Please print the listing that follows word for word, but skip any pictures it holds.

▶ **RECORD EXCERPTS**:
________________________________________

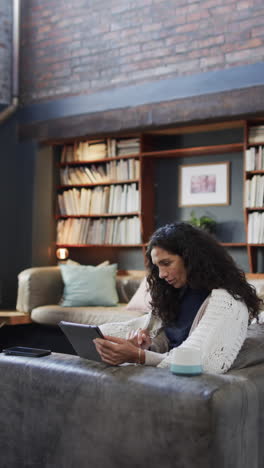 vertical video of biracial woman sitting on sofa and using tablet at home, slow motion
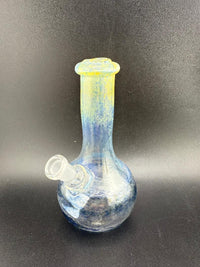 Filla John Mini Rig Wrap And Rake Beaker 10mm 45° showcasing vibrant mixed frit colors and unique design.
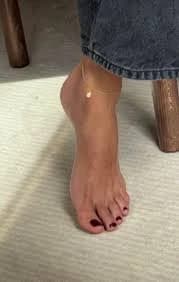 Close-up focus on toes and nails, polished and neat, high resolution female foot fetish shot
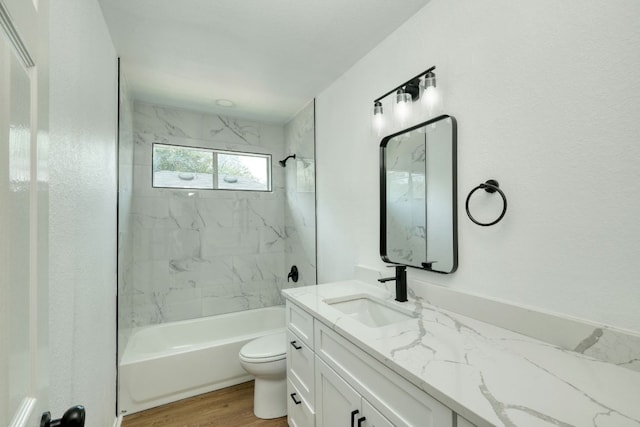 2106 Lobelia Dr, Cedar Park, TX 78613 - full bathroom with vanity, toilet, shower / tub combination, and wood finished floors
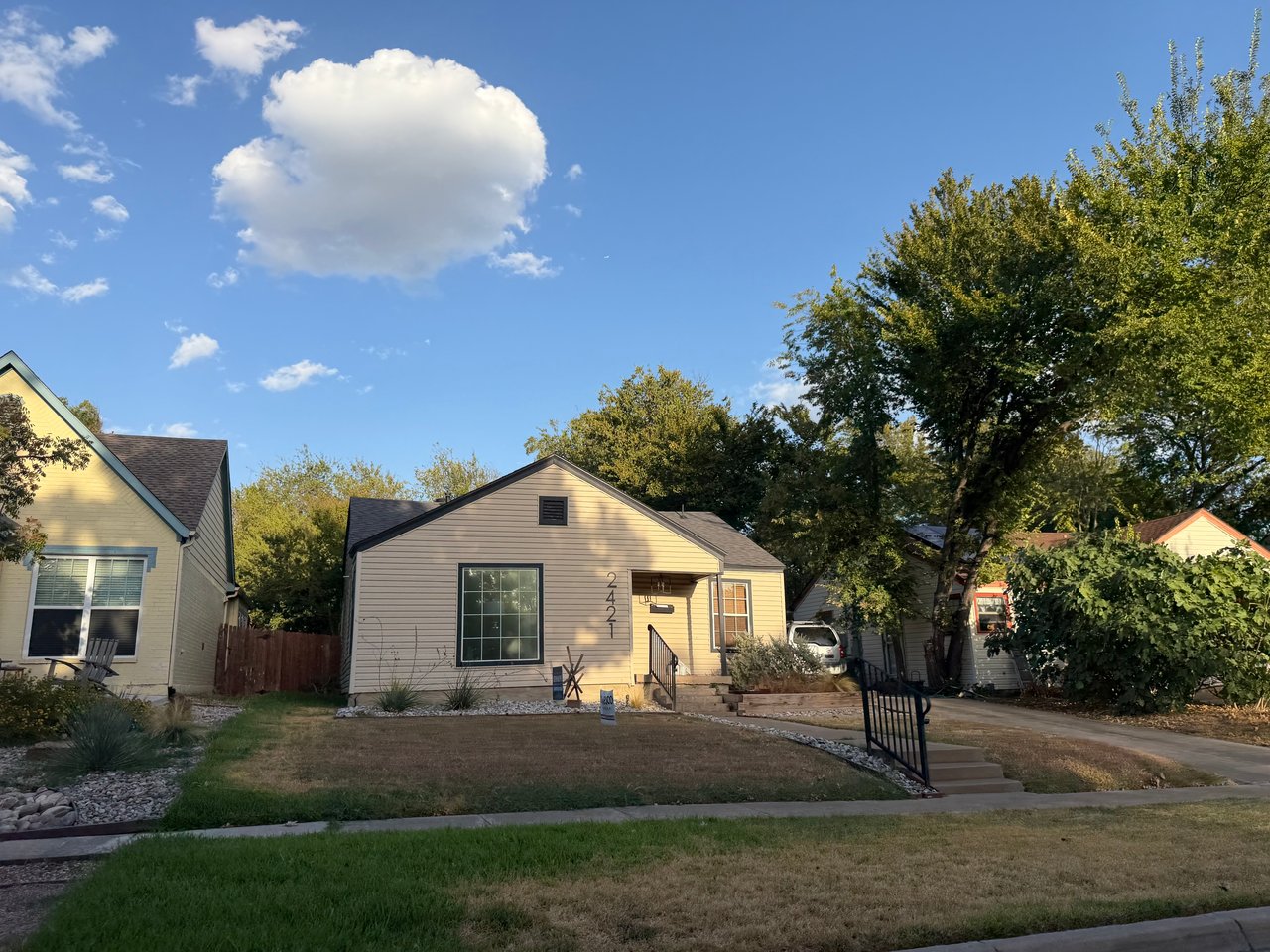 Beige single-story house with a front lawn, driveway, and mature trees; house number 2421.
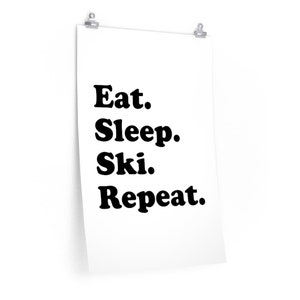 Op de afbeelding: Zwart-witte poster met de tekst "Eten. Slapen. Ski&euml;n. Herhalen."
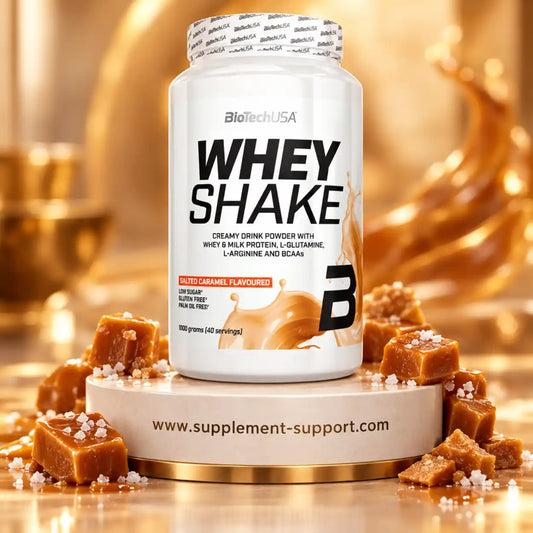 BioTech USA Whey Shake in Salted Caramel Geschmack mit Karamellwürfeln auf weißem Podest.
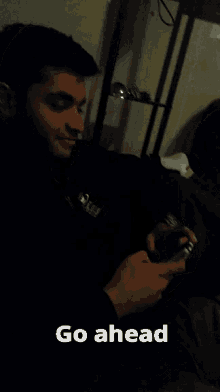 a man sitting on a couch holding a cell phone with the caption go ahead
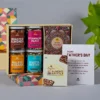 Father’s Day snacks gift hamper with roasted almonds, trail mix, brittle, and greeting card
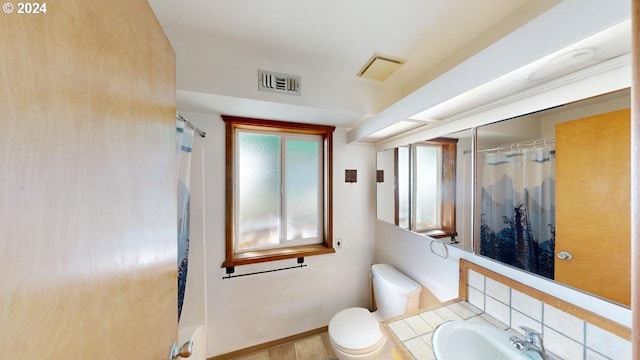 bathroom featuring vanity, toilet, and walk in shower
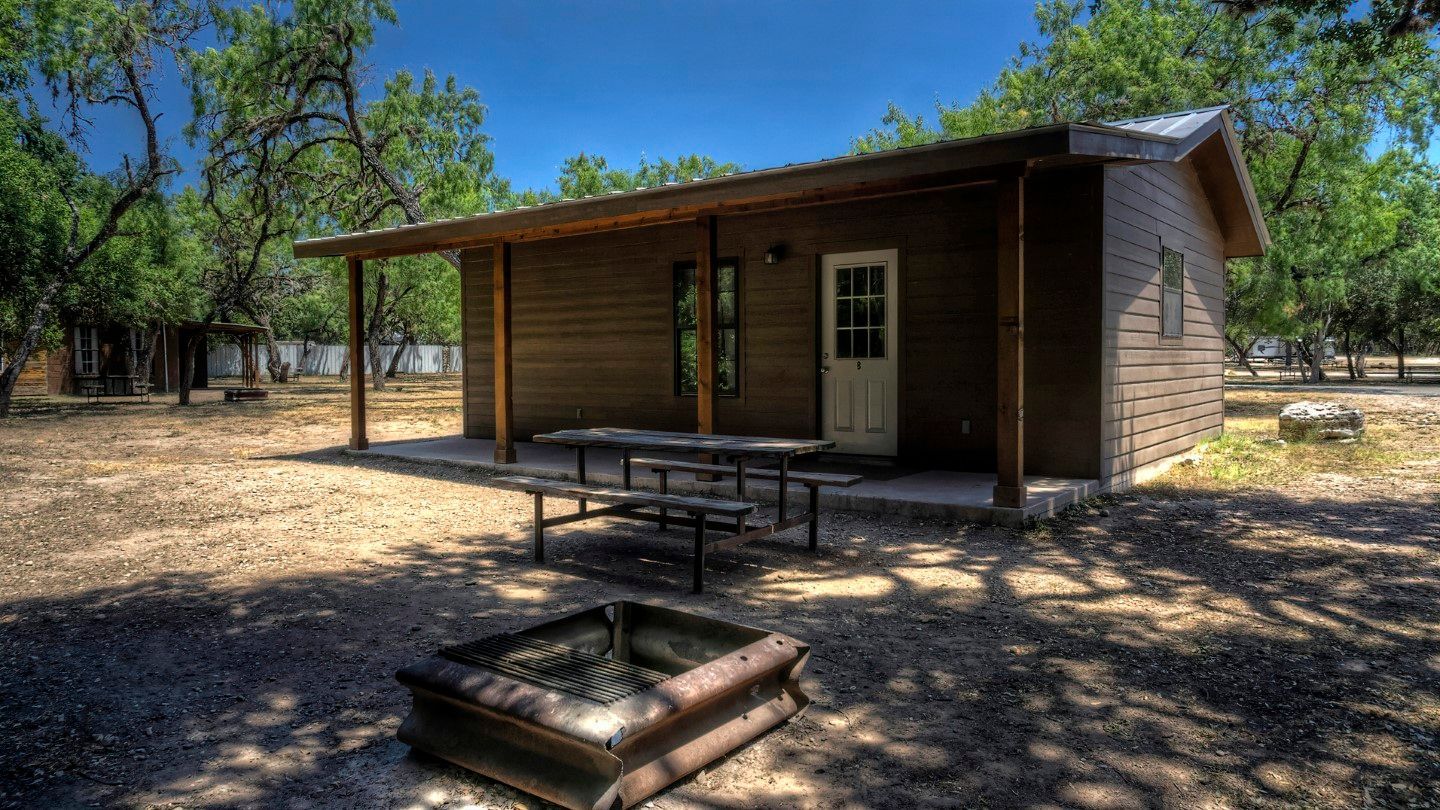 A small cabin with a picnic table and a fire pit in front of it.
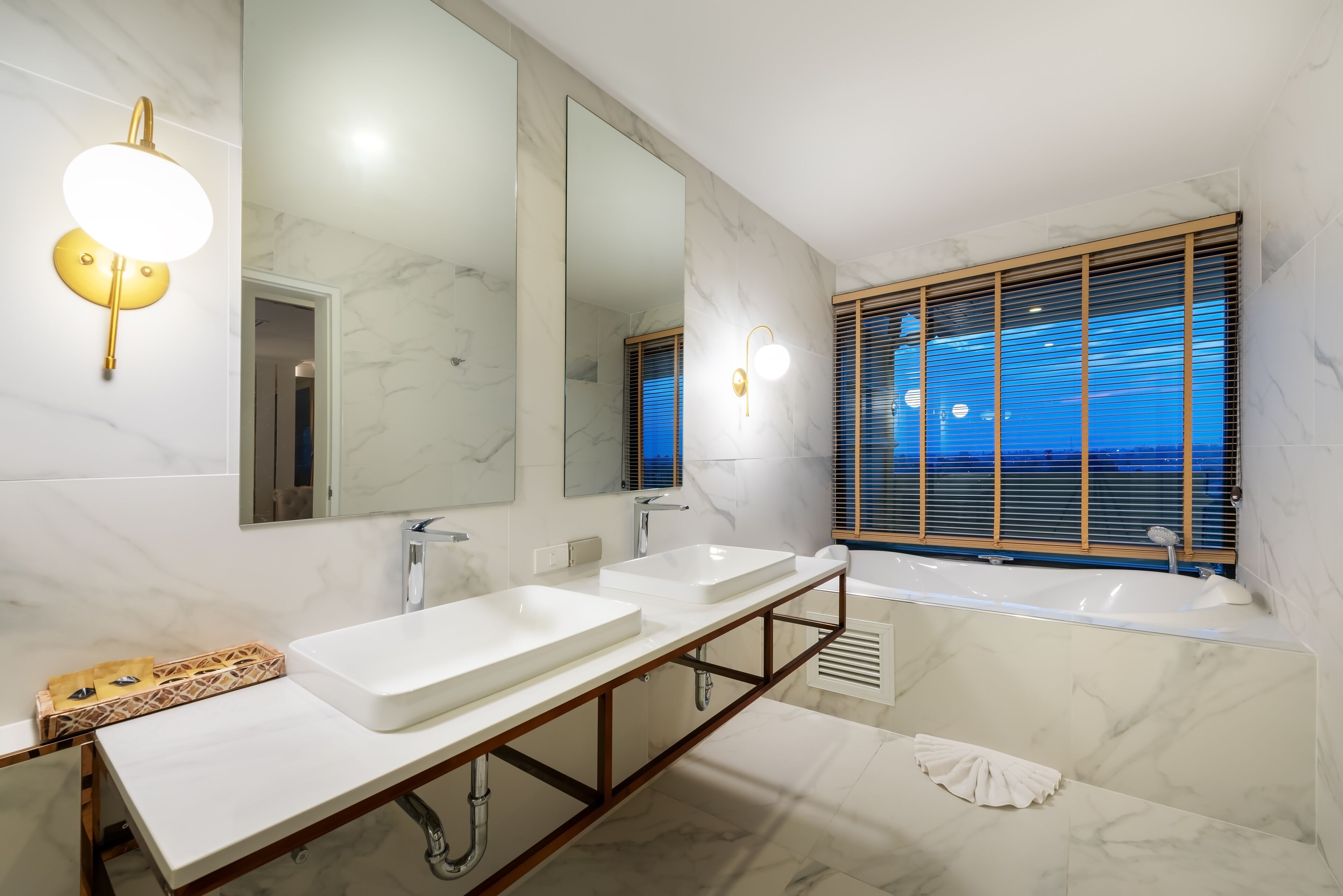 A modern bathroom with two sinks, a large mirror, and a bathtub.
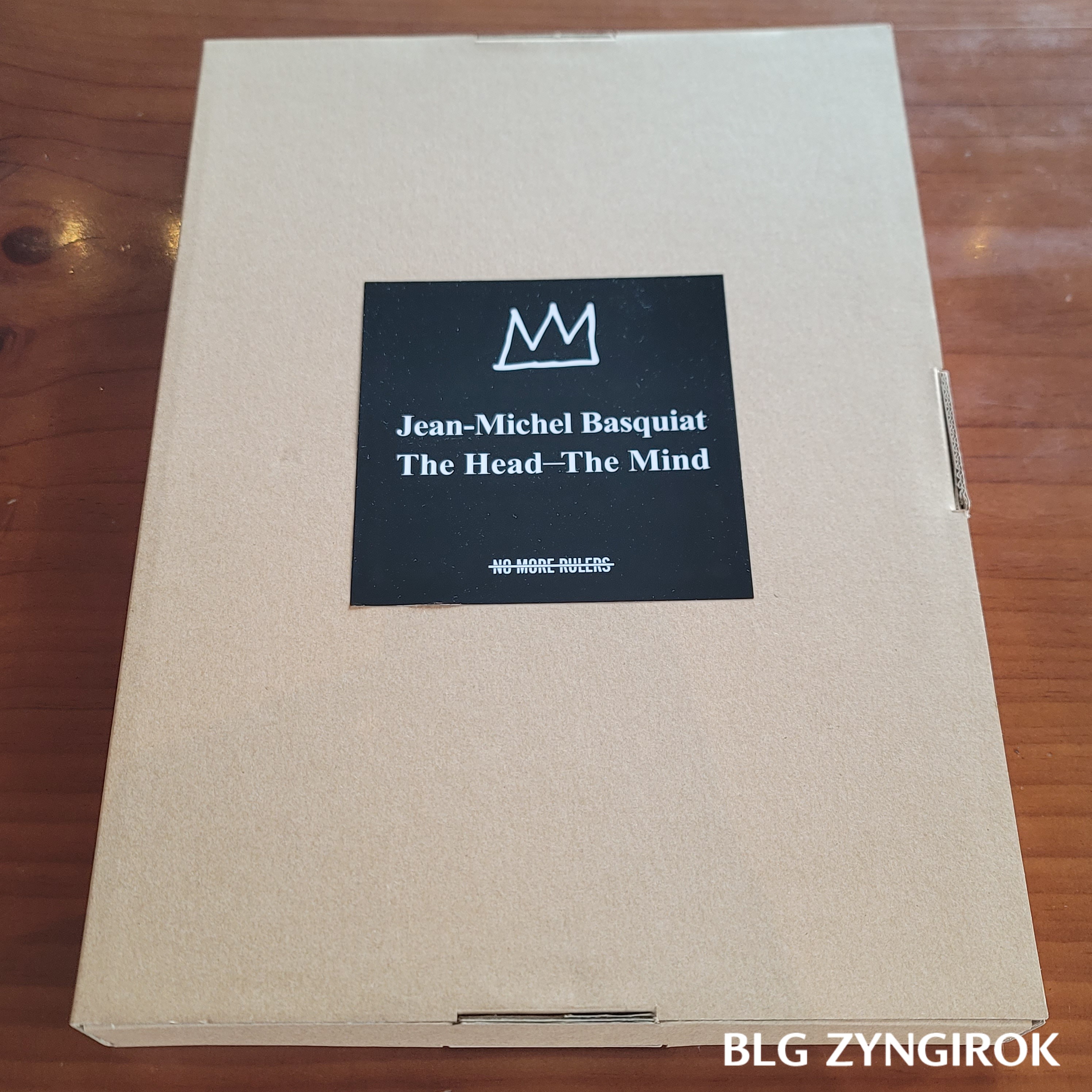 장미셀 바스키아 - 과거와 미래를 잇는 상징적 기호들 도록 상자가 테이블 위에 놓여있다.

________________________________________

▶ **OUTPUT OF THE TASK**:
 vertical video of biracial woman sitting on sofa and using tablet at home, slow motion
 Filla John Mini Rig Wrap And Rake Beaker 10mm 45° showcasing vibrant mixed frit colors and unique design.
 Close-up focus on toes and nails, polished and neat, high resolution female foot fetish shot
 2106 Lobelia Dr, Cedar Park, TX 78613 - full bathroom with vanity, toilet, shower / tub combination, and wood finished floors
 Beige single-story house with a front lawn, driveway, and mature trees; house number 2421.
 Op de afbeelding: Zwart-witte poster met de tekst "Eten. Slapen. Ski&euml;n. Herhalen."
 BioTech USA Whey Shake in Salted Caramel Geschmack mit Karamellwürfeln auf weißem Podest.
 a man sitting on a couch holding a cell phone with the caption go ahead
 Father’s Day snacks gift hamper with roasted almonds, trail mix, brittle, and greeting card
 bathroom featuring vanity, toilet, and walk in shower
 A small cabin with a picnic table and a fire pit in front of it.
 A modern bathroom with two sinks, a large mirror, and a bathtub.
 장미셀 바스키아 - 과거와 미래를 잇는 상징적 기호들 도록 상자가 테이블 위에 놓여있다.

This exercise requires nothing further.